Running some benchmarks on CUDA 12.3 with our training jobs (LLaMA 7B finetuning, 1.2TB datasets). Getting ~4100 TFLOPS sustained, no throttling observed.
Anyone else testing this? Curious about:
- Network latency to EU backbones (we're in Amsterdam)
- Whether they're offering reserved capacity
- SLA uptime guarantees (their datasheet was vague)
For MLOps teams doing serious training at scale, this could be a game changer vs. the usual suspects. Thoughts?
Edited at 26 Mar 2026, 15:45
€2.49/hr is genuinely competitive. Been running A100s across AWS, GCP, and Lambda—Hetzner's pricing is 30-40% cheaper for sustained training. That said, the vagueness on SLA uptime is a real concern for production workloads. Their support response times are also slower than hyperscalers, which matters when you're mid-training on a 1.2TB dataset and hit network issues.

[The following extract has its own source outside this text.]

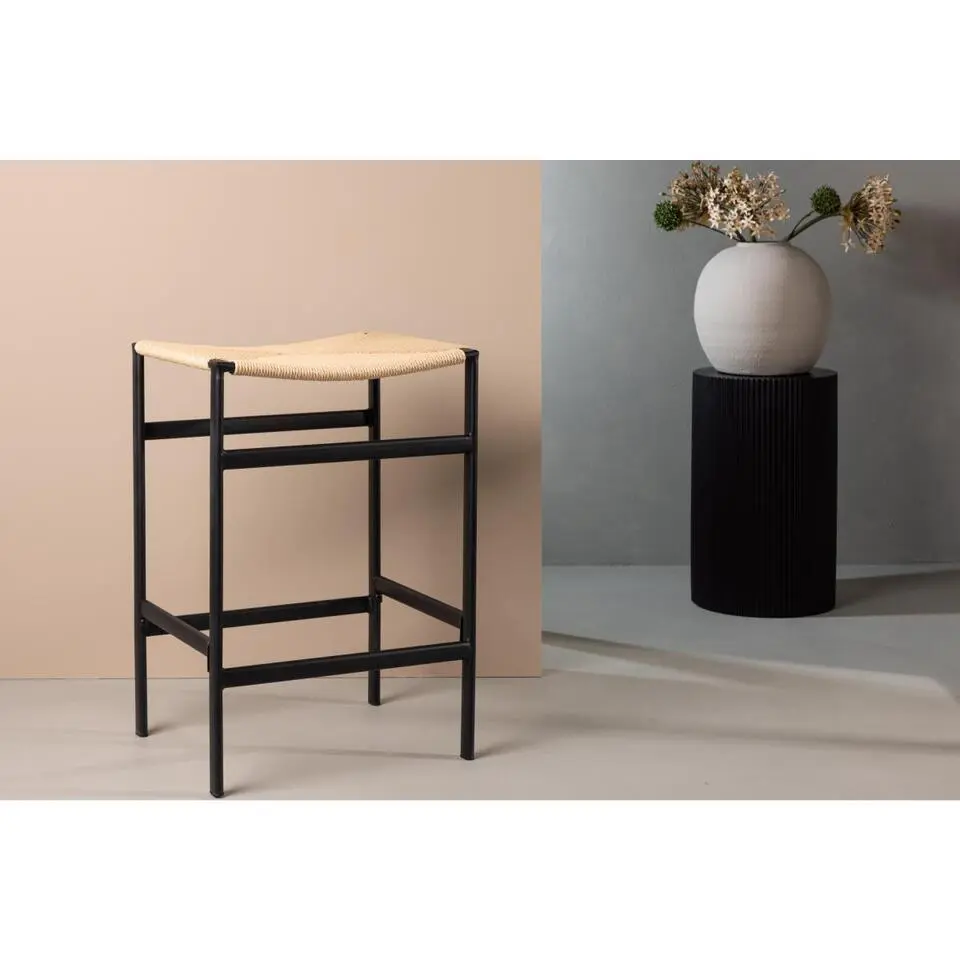 Svea - Polsty barkruk 63 cm - rattan - naturel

For the latency question: direct fiber from Amsterdam to Frankfurt is ~3ms, but cross-Atlantic egress to US backbones can be sticky. If your training data fetching is bandwidth-heavy, factor in their egress costs—they're not as bad as AWS but not free either.
Reserved capacity doesn't exist yet afaik, but worth asking their sales team directly. They're actively negotiating with enterprise customers.

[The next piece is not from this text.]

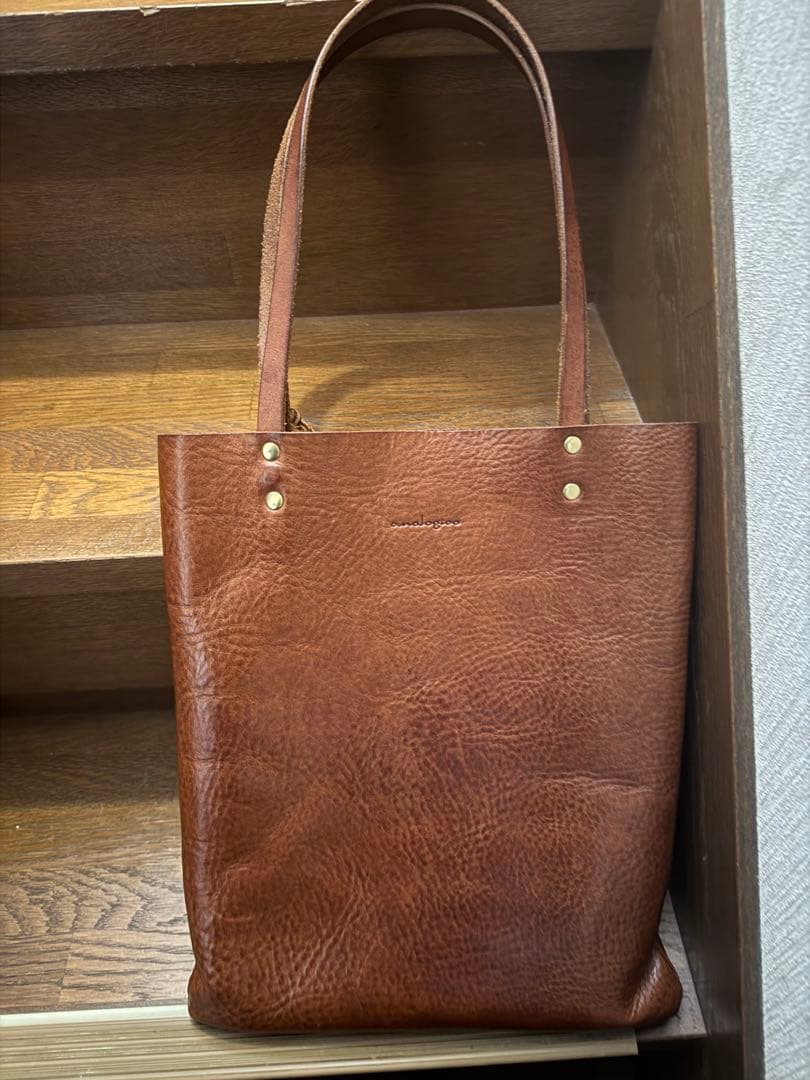 8日まで価格analogico アナロジコ シンプルトート ミッスーリレザー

Yeah, that 30-40% savings is huge for our budget. The SLA concern is exactly what's holding me back from fully committing—gonna reach out to their sales team this week to get clarity on uptime guarantees before we migrate any production jobs. Thanks for confirming the pricing advantage!
€2.49/hr is solid, but worth checking their network egress costs—that's where they usually get you on sustained training jobs. Also, Hetzner's interconnect to their EU backbone is decent (direct peering with DE-CIX) but latency from Amsterdam will probably be 8-12ms depending on which facility. If you're doing distributed training across multiple nodes, test their intra-rack bandwidth first before scaling up.
Good catch on egress—that's definitely the hidden cost. Also worth testing their NVLINK topology if you're doing multi-GPU work. Hetzner's docs on GPU interconnect bandwidth aren't super clear, but from what I've seen in their AU datacenter setups, it's solid for all-to-all comm. Would suggest running nccl-tests before committing your full pipeline.
Haven't tried Hetzner yet but did a similar cost analysis last month. One thing nobody's mentioned: check their inter-GPU latency with nvidia-smi nvlink -s. Multi-GPU training perf can tank hard if the topology is suboptimal. Also worth running a quick data load benchmark with your actual dataset pipeline—network I/O to storage can kill your iteration speed even if compute looks good on paper.